Three Secrets of Successful Team Building

Part 1 of a 2 part Michael Cowley article on building a successful team

By Michael Cowley May 2015 - Maintenance & Operations   Article Use Policy

Anyone who has spent time in leadership and management positions has struggled with this question: How do I build a better team? Even if your team is good to start, all maintenance and engineering managers understand the need for their departments to work more efficiently. With a more skilled and qualified team, you can accomplish things faster, more safely, at a lower cost, and with greater customer service.

The process of analyzing your existing team and making improvements is difficult. We are busy with the daily tasks, problems, and responsibilities. At the same time, we face challenges related to improving the performance and productivity of your management team. It is a daunting task and probably the reason many managers decide to allow things to continue as they always have.

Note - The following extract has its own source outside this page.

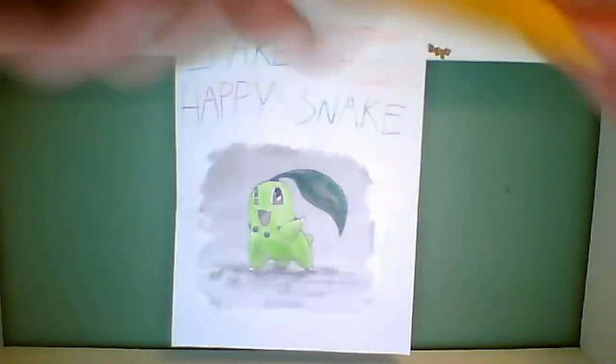Today's Pokemon Card Review is a Blitzle. It's from the Black and White set, it's an Electric-type Pokemon, it has 60 HP, its Pokédex number is 522, it's the Electrified Pokemon, height is 2 foot 7, and its weight is 65.7 pounds.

The obvious problem with this tactic is that if we are not moving forward and getting better, more than likely we are moving backward. If we continue down that path, it leads to program and process stagnation and ultimate failure.

How do we improve the management team so it performs at the highest possible level? At least 10 key steps can help develop a best-in-class management team, but here are three secrets that are essential to teambuilding.

People who need people

The first secret involves the hiring process. Many of you might think hiring is not that important. Maybe you feel you do not have control of the process. In reality, hiring is the most important component in improving your management team.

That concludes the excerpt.